Fault tolerance planning and implementation starts with risk assessment, a three step process.
Begin by identification of the assets or processes to be protected. A rating of importance should attend each one, so that the more critical ones may be identified easily. A multi-level categorization is often sufficient; top-to-bottom ranking is usually not necessary.
Then for each one identified, identify the risks. Risks are ways in which the asset or process can be slowed, corrupted, destroyed, or otherwise made unavailable. A risk is composed of a threat, the likelihood of the threat, and the potential resulting impact of the threat. Again, these should be rated so that the biggest risks (most likely and highest damage threats) are identified easily. Note that sources of threat may be intentional or not, from inside or outside, and from people or systems.

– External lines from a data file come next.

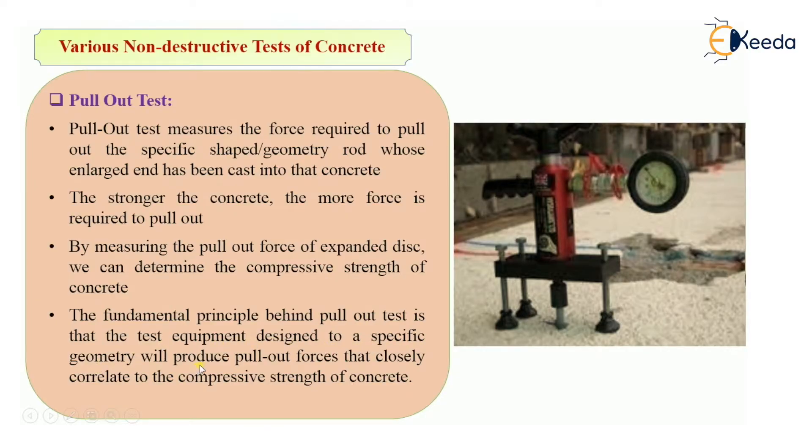The fundamental principle behind this test is that the equipment is designed to a specific geometry — this rod has a specific shape which is inserted into the concrete and produces pull-out forces that closely relate to the compressive strength of concrete. We insert the pull-out rod with an enlarged end, measure the pull-out force required to remove it, and correlate this with the compressive strength of concrete.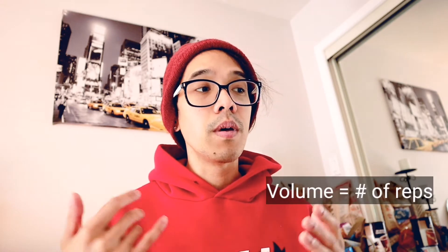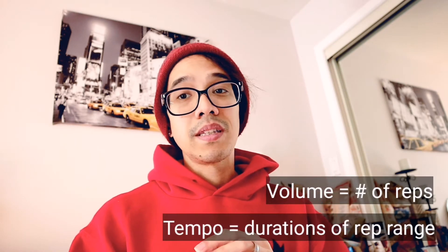Moving forward, I'll be using volume and tempo focus — like a five-count with the negatives to compensate for that lack of resistance load. We'll see if we're able to actually trigger more muscle growth. I assume yes, given biological principles — it will work in time, but it'll take a lot more time than if you actually had the ability to overload the weights. So if you have a home gym, good on you.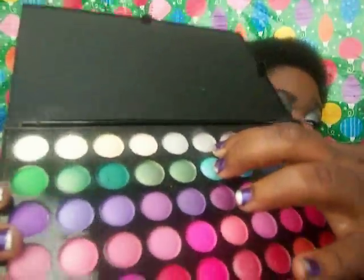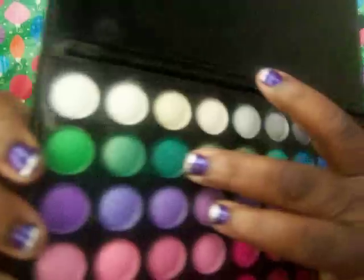BH Cosmetics Palette — I used this silver here, and then I used this green. Why does it look blue but it's green? Maybe it's just my camera. I look all kinds of crazy right now, because on my camera, on my TV, I look weird.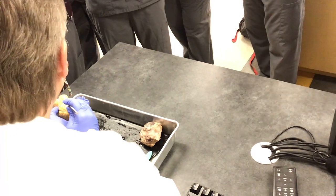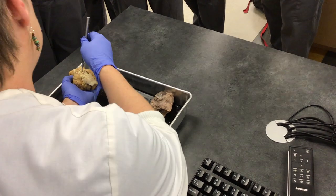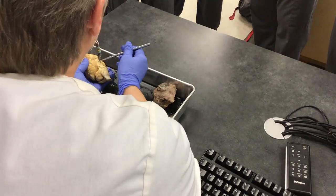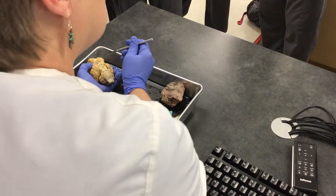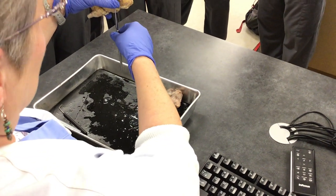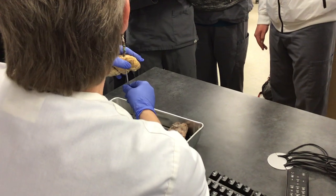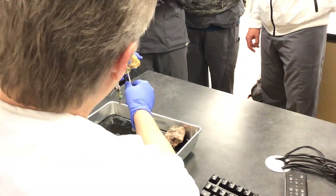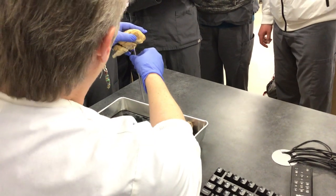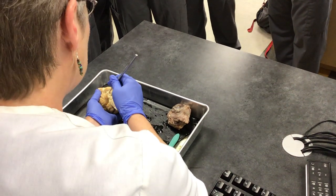Right here, you see this little opening — you can actually take a pointer and put it inside. This is the infundibulum, and unfortunately what was here was removed when they prepared it for dissection. But if it was still there, it would be hanging just like this — it's the pituitary gland, otherwise known as the master gland. That's where the pituitary gland attaches.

Finally, for each of the identified risks, identify how that risk will be mitigated. Note the term “mitigate” – often a risk cannot be eliminated entirely without unrealistic expenditure, so the focus should be on realistic minimization of liability. Identifying the type of liability can help this ranking process – does this affect the ability to continue doing business? Any direct impact on patient health? A drop in the number of patients that can be seen?
This concludes Lecture a of Creating Fault-Tolerant Systems, Backups, and Decommissioning.
In this lecture we defined fault tolerance as a system’s ability to continue performing to specification despite problems. The idea is to minimize downtime and maximize availability through reliability and redundancy.
Hardware, Software, and Systems are three areas that should be fault tolerant
To make systems more fault-tolerant, use risk assessment to evaluate potential problems, then mitigate those potential problems using best practices.